Resume: C:\Users\SANKET\Downloads\Untitled-resume.pdf
Name: Sanket Sarwade
Contact Number: 7798248452
Email: sanketsarwade111@gmail.com
Skills: ['Python', 'Data Analysis', 'Machine Learning', 'Communication', 'Deep Learning', 'SQL', 'Tableau']
Education: ['Bsc Microbiology']



# Conclusion:
Building a resume parser using SpaCy empowers recruiters and hiring professionals to automate the extraction of crucial information from resumes, saving time and effort in candidate evaluation. This guide has provided a comprehensive walkthrough of the key steps involved in creating a resume parser using SpaCy, enabling you to harness the power of natural language processing for efficient resume analysis.
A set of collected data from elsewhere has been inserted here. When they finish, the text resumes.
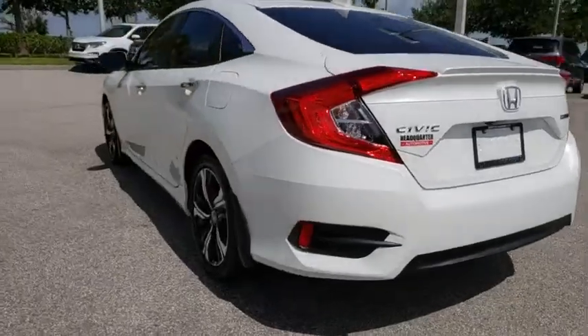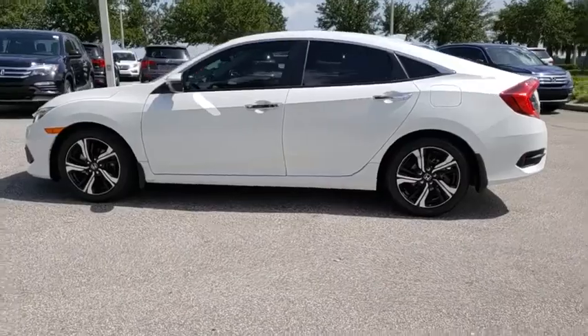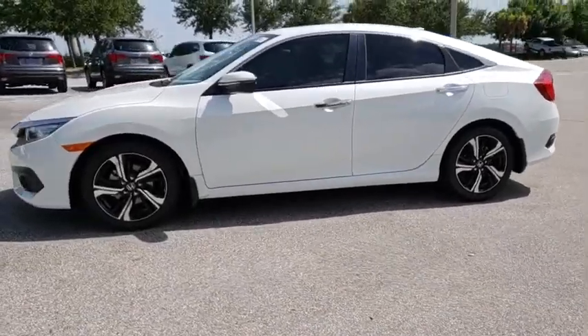Stability control. Remote engine start. Traction control. Keyless entry. Steering wheel audio controls. Anti-lock braking system. Navigation system.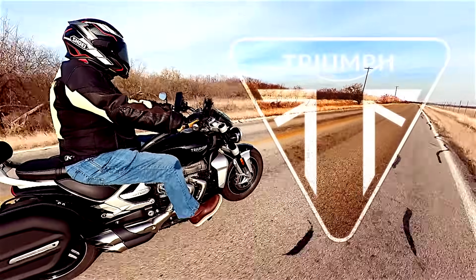This is my review of the 2021 Triumph Rocket III GT. The Triumph Rocket III GT has a 2500cc 3-cylinder engine, 163 foot-pounds of torque, making 165 horsepower.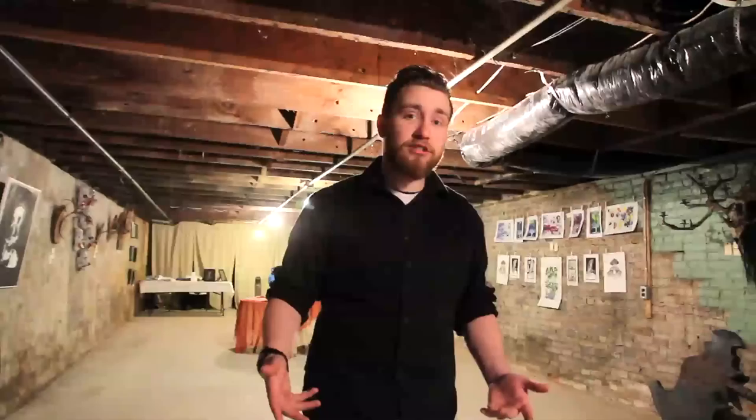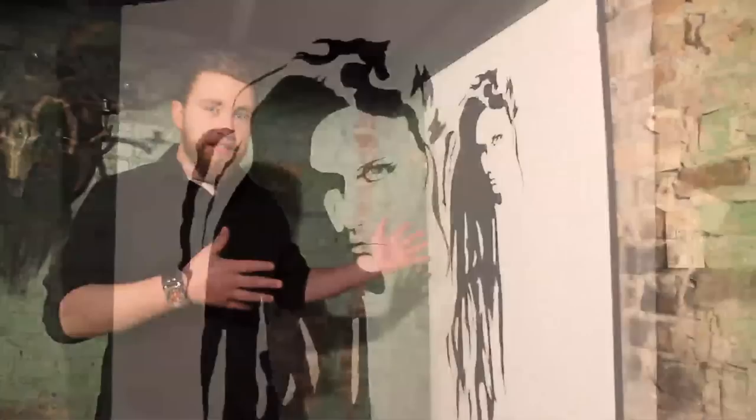Well hey guys, welcome to my art show. This is just a little video for you guys that couldn't make it to the art show, to make it seem like you were actually here. So follow me, let's take a look at what we got here.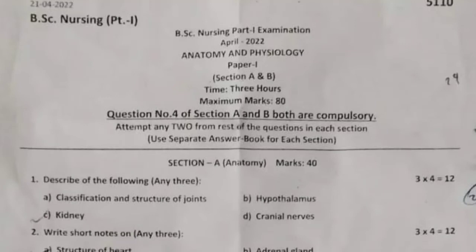Good morning everyone, welcome to my channel Best Knowledge. Today's topic is BSc Nursing first year students' April 2022 question paper: Anatomy and Physiology.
By leveraging the flexibility and extensibility of SpaCy, you can customize and enhance the resume parser to suit your unique requirements. Continual refinement and adaptation will result in a robust and accurate resume parsing solution, streamlining the recruitment process and improving decision-making.

Remember, the resume parser presented here serves as a starting point, and you can further innovate and expand its capabilities to meet evolving needs and technological advancements. Embrace the power of SpaCy and embark on the journey of building a cutting-edge resume parser to revolutionize your recruitment process.